Both Daly and Pringle blamed the Catholic Church for “holding back the progress of women in Irish society.” Daly said, “There is no place for the church in political life, in selecting core curriculum in schools nor in governing women’s bodies” while Pringle added, “When we look back on the oppression of women and children in Ireland, we must inevitably view the Catholic church as a predominant influence. Shame of sexuality was bred into women for over a hundred years.”

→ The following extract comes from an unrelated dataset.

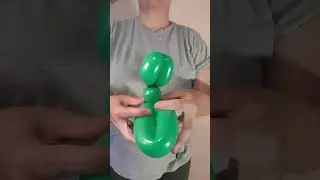 Balloon Animals for Beginners Snake #balloonanimals #snake #crafts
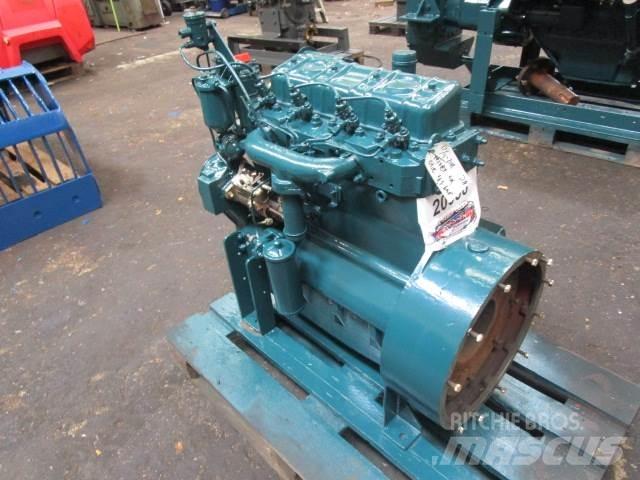Perkins 4 cyl. motor 发动机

They both called for a human rights module to be introduced into the national school curriculum,

In a second panel chaired by TD Thomas Pringle, Dublin Sinn Fein councillor, Eoin O’Broin, and Eugene McCartan, General Secretary of the Communist Party of Ireland, discussed the merits of the 1934 Irish Republican Congress, an effort by Peadar O’Donnell and others to create a stronger left-wing republican base to combat poverty and inequality.

“In many ways, the Congress, though short-lived, was a high point of left-leaning Republicanism of that era but it was also a lesson in abject failure,” said O’Broin. “It showed the immense challenges involved in linking nationalist and socialist traditions then and building socio-economic bridges, especially in northern Ireland.”

He added, “With the IRA’s ambivalence towards such a radical movement, Fianna Fail’s continued platform building then and the inability of Congress leaders to read the political situation and devise proper strategies, it, in effect, helped result in sixty years of Fianna Fail rule.” Saying there are “many lessons to be learned from the Congress,” McCartan added, “Greater appreciation of working-class issues is key to a fairer society as is the building of a common consciousness and a confidence in ordinary people that they can change things.”

John Crowley, who travelled from Scotland to attend the conference, said, “Overall, there were some very interesting analyses and from diverse viewpoints with many of the issues still relevant in today’s society.”